Coronary calcium distribution tied to heart attack risk
A new calcium scoring method may better predict a person’s risk of heart attack, according to a new multicenter study published in the June issue of the journal Radiology. Calcium coverage scoring takes into account not only the amount of calcified plaque build-up in the coronary arteries, but also its distribution.
“Now we know that the location of the calcium in the arteries is particularly important in estimating a patient’s potential risk,” said the study’s lead author Elizabeth Brown, Sc.D., research assistant professor in the Department of Biostatistics at the University of Washington in Seattle.
Heart disease is the leading cause of death in the U.S. Each year, 700,000 Americans die of heart disease, according to the Centers for Disease Control and Prevention. The most common form of heart disease in the U.S. is coronary artery disease, which is caused by a build-up of calcific plaque in the coronary arteries leading to the heart. The current standard of coronary calcium measurement gauges only the amount of calcium present in the arteries, not its spatial distribution.
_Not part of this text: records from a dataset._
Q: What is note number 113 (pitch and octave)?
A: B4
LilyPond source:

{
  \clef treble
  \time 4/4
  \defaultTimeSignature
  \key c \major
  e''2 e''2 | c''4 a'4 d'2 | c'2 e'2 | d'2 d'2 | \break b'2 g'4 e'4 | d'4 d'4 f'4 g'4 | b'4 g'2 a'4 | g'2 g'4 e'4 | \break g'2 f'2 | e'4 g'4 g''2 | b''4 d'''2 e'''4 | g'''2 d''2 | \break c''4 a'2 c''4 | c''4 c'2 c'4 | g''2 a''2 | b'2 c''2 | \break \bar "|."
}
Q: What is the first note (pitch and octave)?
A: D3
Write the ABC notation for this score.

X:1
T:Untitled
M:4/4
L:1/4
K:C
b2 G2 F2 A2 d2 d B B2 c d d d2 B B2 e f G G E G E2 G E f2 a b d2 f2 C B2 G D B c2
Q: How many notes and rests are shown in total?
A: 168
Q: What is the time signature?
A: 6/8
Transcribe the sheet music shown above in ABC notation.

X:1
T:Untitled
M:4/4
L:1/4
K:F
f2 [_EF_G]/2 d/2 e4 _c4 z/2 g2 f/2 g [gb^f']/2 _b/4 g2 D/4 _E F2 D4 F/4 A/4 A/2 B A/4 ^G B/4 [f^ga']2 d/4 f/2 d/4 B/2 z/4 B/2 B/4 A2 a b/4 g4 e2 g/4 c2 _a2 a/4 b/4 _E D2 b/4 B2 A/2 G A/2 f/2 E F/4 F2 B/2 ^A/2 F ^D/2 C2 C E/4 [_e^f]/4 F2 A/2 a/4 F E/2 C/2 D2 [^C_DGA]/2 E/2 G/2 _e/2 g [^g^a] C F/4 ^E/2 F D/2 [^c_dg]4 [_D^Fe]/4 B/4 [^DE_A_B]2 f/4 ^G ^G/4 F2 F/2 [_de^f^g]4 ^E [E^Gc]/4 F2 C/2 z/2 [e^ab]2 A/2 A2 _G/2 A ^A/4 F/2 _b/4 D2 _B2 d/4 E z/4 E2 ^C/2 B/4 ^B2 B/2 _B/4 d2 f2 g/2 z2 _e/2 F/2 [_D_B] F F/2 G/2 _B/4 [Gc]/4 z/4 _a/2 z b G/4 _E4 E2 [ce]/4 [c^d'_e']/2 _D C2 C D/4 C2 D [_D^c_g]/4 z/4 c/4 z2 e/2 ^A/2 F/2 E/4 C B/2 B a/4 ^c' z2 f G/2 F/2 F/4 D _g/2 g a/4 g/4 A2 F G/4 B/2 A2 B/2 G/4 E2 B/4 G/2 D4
“Currently, physicians only see the result in terms of an overall score designed to measure the amount of calcified plaque,” Dr. Brown said. “This new approach will provide physicians with a measure of the proportion of the arteries affected.”
The Multi-Ethnic Study of Atherosclerosis (MESA) began in July 2000. The prospective study included 6,814 men and women between the ages of 45 and 84. The researchers compared CT image data for 3,252 participants with calcific plaque to data collected from 3,416 patients without calcific plaque. (Due to lack of sufficient CT image data, 146 additional MESA participants were excluded from this analysis.) A calcium coverage score was developed to estimate the percentage of coronary arteries affected by plaque.
The patients were then followed up for a median period of 41 months to determine if there was a relationship between the distribution of calcium shown in the CT images and the likelihood heart attack or other cardiac event.
The results showed that diabetes, hypertension and dyslipidemia (abnormal concentrations of lipids [fats] or lipoproteins in the blood) were highly associated with calcium coverage score. The study also found that the calcium coverage score—which takes into account the location of the calcium—was a better predictor of future cardiac events than currently used measures that gauge only the amount of calcium present. On average, compared to patients without diabetes, patients with diabetes had 44 percent more of their coronary arteries affected by plaque. A twofold increase in calcium coverage score indicated a 34 percent increase in risk of heart attack or other serious cardiac event and a 52 percent increase in the risk of any cardiac event.
“Calcium coverage scoring has the potential to improve our estimate of a patient’s risk for adverse clinical outcomes, such as heart attacks or death,” Dr. Brown said.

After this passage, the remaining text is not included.